Figure 1 shows the derivation of the study population.
Figure 1:

Derivation of the study population
2.2. Outcome
Follow-up began at admission to hospital and ended at discharge. The outcome was a binary variable of whether or not admission ended with a discharge against medical advice, defined as ‘Discharge Own Risk’ recorded under the ‘separation mode’. Admission dates, discharge dates, and separation mode were taken from linked hospital admission data.
2.3. Exposure
The main exposure was whether the patient had an OAT permit at the time of admission (‘on-OAT’ vs. ‘off-OAT’). Although we were able to distinguish permits for provision of methadone and buprenorphine, we did not separate these drugs because we had no hypothesis that they would have different effects.

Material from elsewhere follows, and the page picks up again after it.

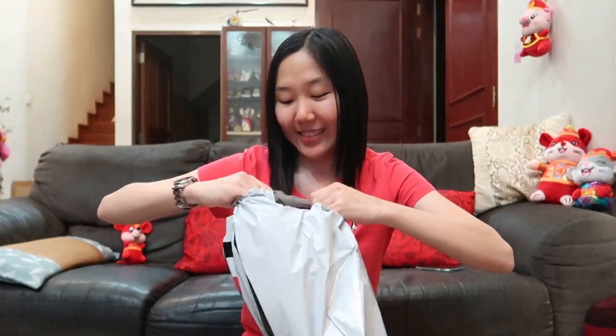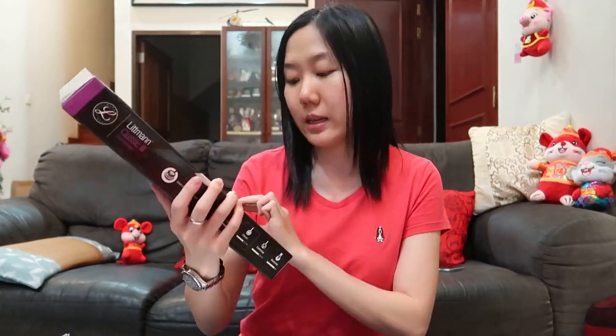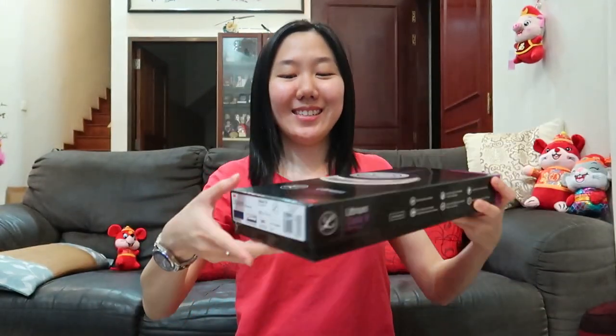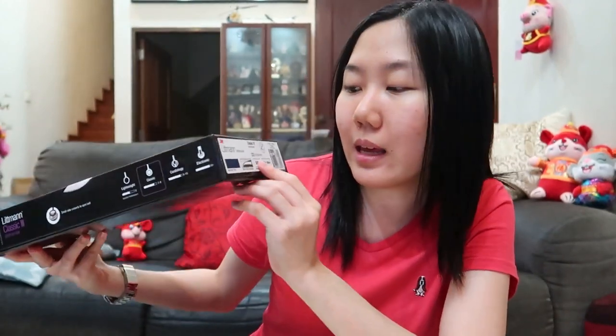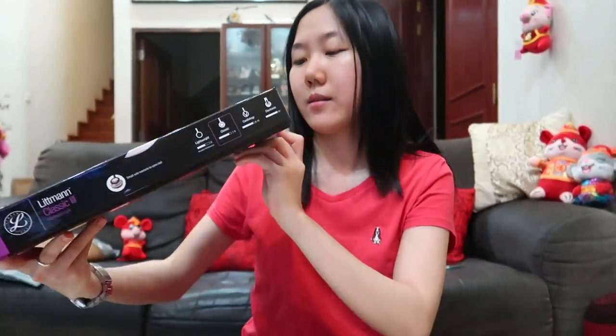Can you guess what color I got for my stethoscope? This is my stethoscope — it is the Littmann Classic 3. On the side of the box they have a few labels: the color, the mirror finish chest piece, and the catalog number. The catalog number for this color and design is 5863 and the length is 27 inches.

Potential confounders were (a) age at admission; (b) sex; (c) whether the patient identifies as Aboriginal and/or Torres Strait Islander; (d) the primary cause of admission according to ICD-10 code, summarised into: ‘drug-related’, including withdrawal, intoxication and overdose (Degenhardt et al., 2014); injecting-related injuries & diseases, using a list of presentations relating to bacterial infections that are often related to drug injection: cutaneous abscess, cellulitis, phlebitis, septicaemia, osteomyelitis, endocarditis, necrotising fasciitis (Lewer et al., 2017); other bacterial and viral infections; accidents other than drug-related accidents, including self-harm; mental and behavioural disorders; ‘signs and symptoms’, which relates to admissions that have recorded symptoms such as abdominal pain or convulsions, but no formal diagnosis; cancers; and other non-communicable diseases; (e) co-morbidity, measured using the count of unique ICD-10 chapters recorded in any diagnostic position for the admission; and (f) the era of the admission, defined as 2001-2006, 2007-2011 and 2012-2018. The data also allowed us to calculate the length of hospital admissions, but we did not use this as a measure of disease severity because it would introduce overadjustment (because the length of stay is shorter where patients self-discharge). For each of these variables, we also reported the univariable association with discharge against medical advice, and an estimate adjusted for a subset of the other variables. We also reported the association between discharge on a weekend and discharge against medical advice, following evidence that discharge against medical advice may be more common at weekends (Chan et al., 2004), but did not include this variable as a confounder.
2.4. Statistical analysis
We described admissions according to the outcome and independent variables, and plotted the cumulative incidence of discharge against medical advice by the day of admission, using the Kaplan-Meier method and censoring patients at planned discharge. We then used two approaches to estimate the association between OAT and discharge against medical advice. First, we fit a mixed generalised linear model with a binary outcome of whether the admission ended in self-discharge, fixed effects for the exposures, random effects for the patient identifier (to account for individuals contributing multiple admissions), with a Poisson distribution and an offset for the duration of admission (in days). We included a single term for age, standardised so that the coefficient represents the risk ratio associated with an increase of one standard deviation in age.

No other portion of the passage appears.